* _Exercise materials_
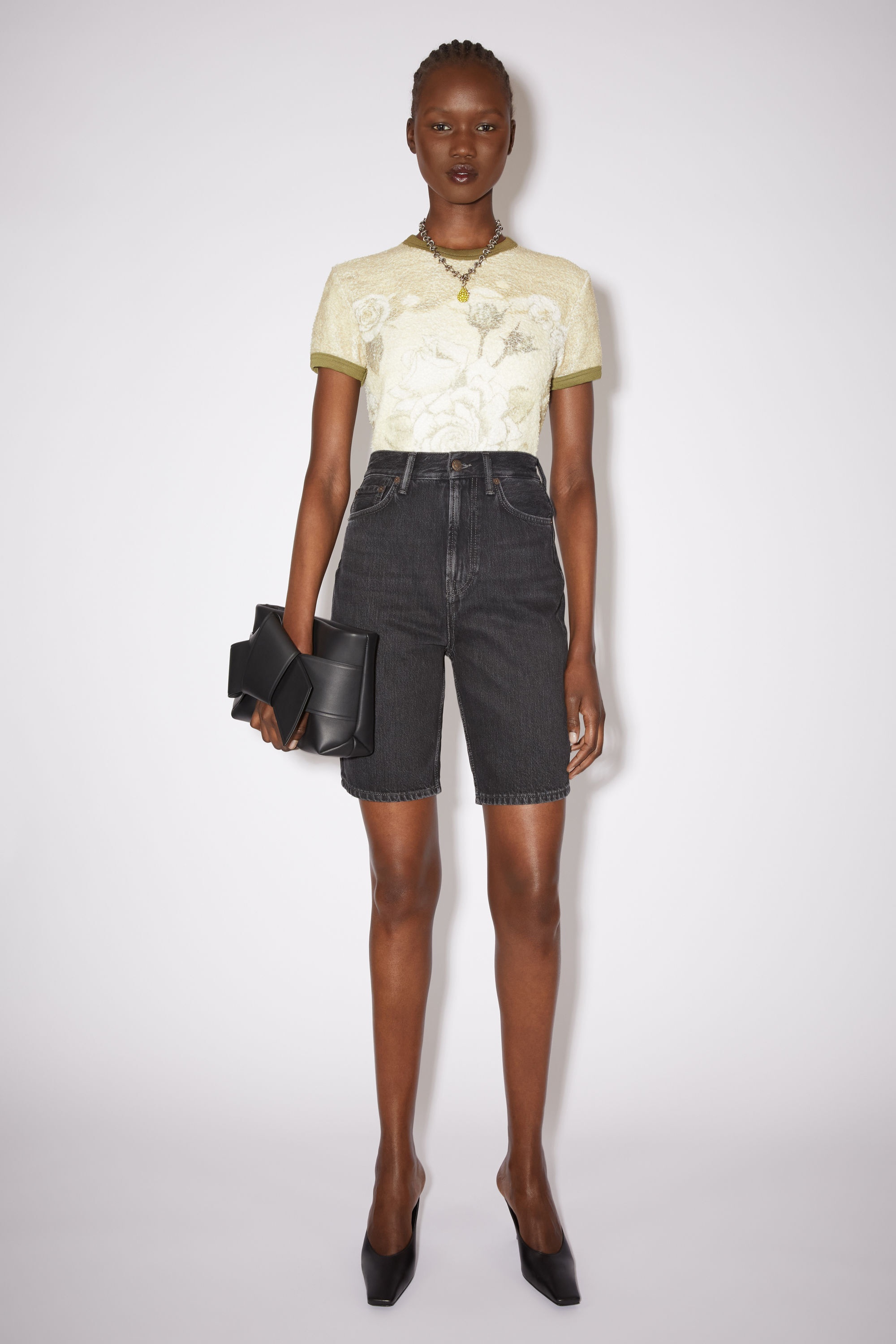 Organic denim shorts - Black - 2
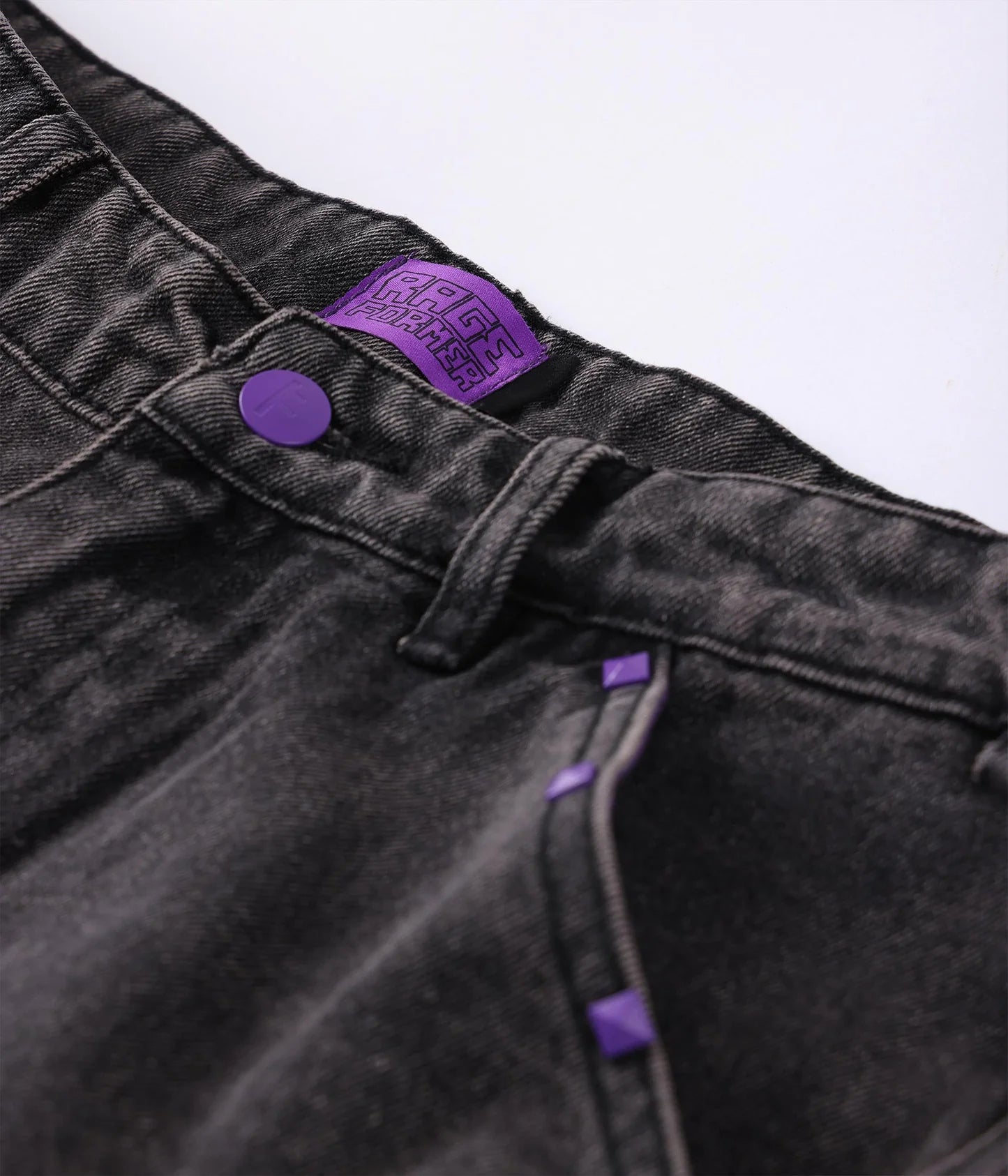 STUDDED DENIM PANT // WSHBLK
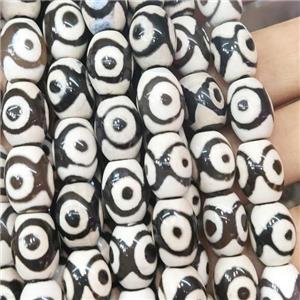 tibetan agate barrel beads, eye, approx 10x14mm, 25pcs per st [GA2209]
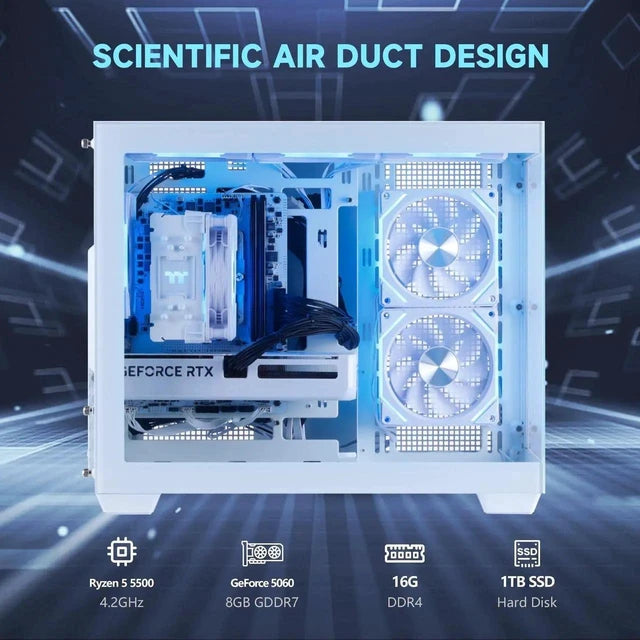 MLOONG REFURBISHED Gaming PC, AMD Ryzen 5 5500 4.2 GHz, GeForce RTX 5060 8GB prebuilt pc, 1TB NVMe SSD, AI Powered 16GB DDR4 3200MHz, Air Cooled Prebuilt, 650W PSU, Windows 11 Home Gamer PC. White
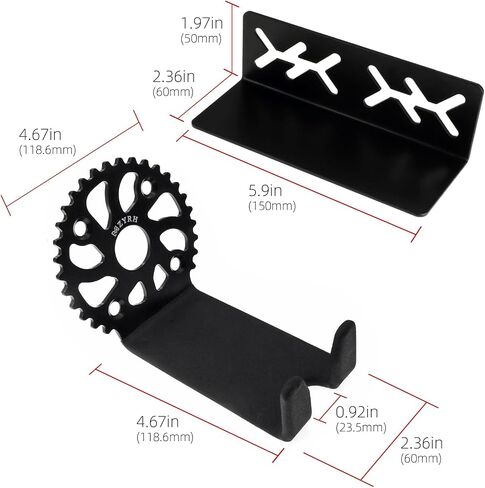Heavy Duty Bike Wall Mount, Stainless Steel, 1 Pack, Black in Saudi Arabia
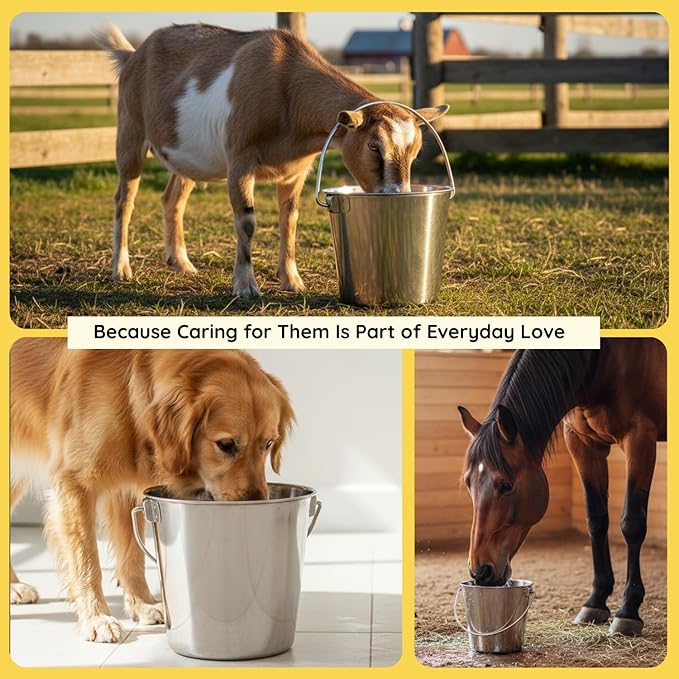 9 quart Heavy Duty Stainless Steel Round Bucket with Handle | 2.25 gal Sturdy Food & Water Bowl for XL Dog Goat sheep Horse & Livestock | Fits kennel Crate Farm | Hanging Utility Pet Pail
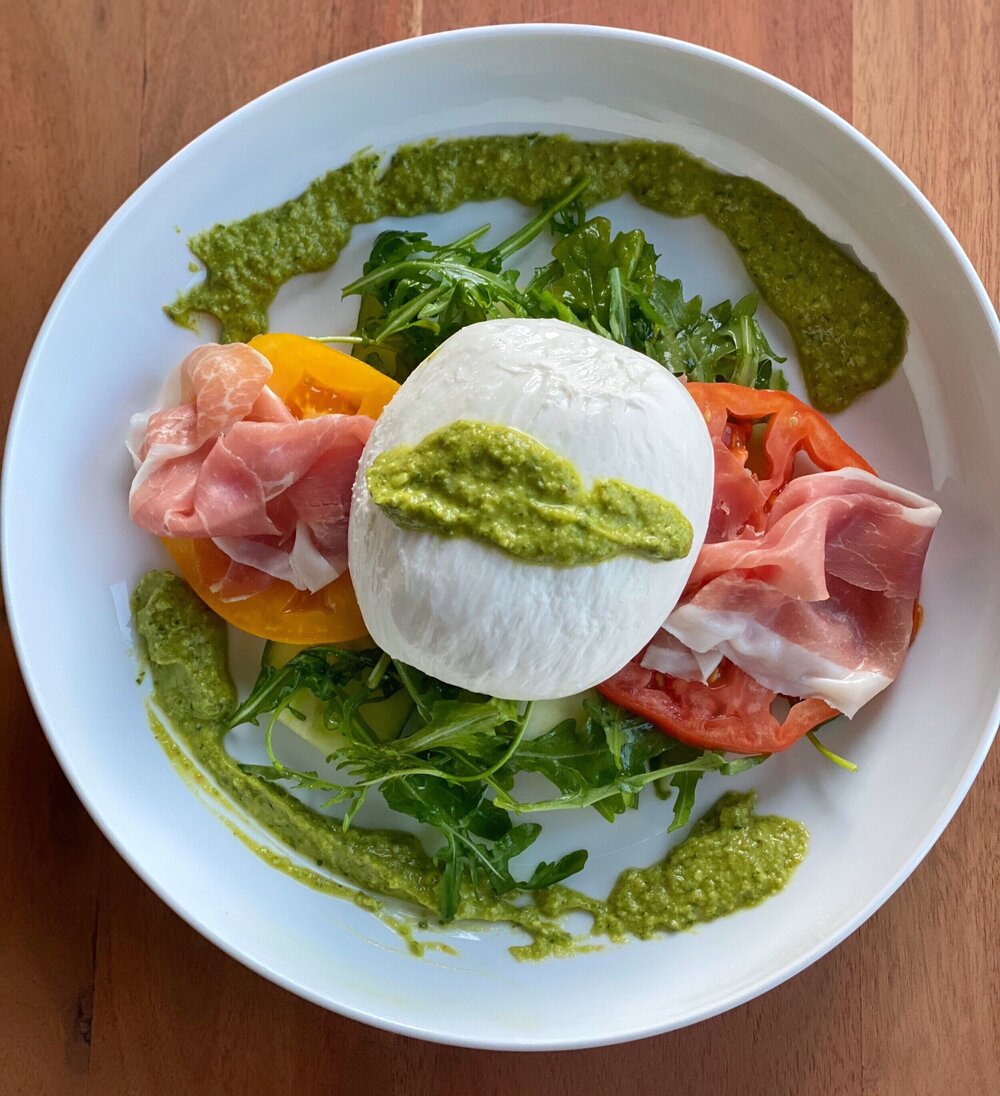 salmon caprese salad with poached egg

* _Assignment_
What is needed is every record above, returned exactly, with the pictures omitted.

* _Answer to this problem_
 Organic denim shorts - Black - 2
 STUDDED DENIM PANT // WSHBLK
 tibetan agate barrel beads, eye, approx 10x14mm, 25pcs per st [GA2209]
 MLOONG REFURBISHED Gaming PC, AMD Ryzen 5 5500 4.2 GHz, GeForce RTX 5060 8GB prebuilt pc, 1TB NVMe SSD, AI Powered 16GB DDR4 3200MHz, Air Cooled Prebuilt, 650W PSU, Windows 11 Home Gamer PC. White
Heavy Duty Bike Wall Mount, Stainless Steel, 1 Pack, Black in Saudi Arabia
 9 quart Heavy Duty Stainless Steel Round Bucket with Handle | 2.25 gal Sturdy Food & Water Bowl for XL Dog Goat sheep Horse & Livestock | Fits kennel Crate Farm | Hanging Utility Pet Pail
 salmon caprese salad with poached egg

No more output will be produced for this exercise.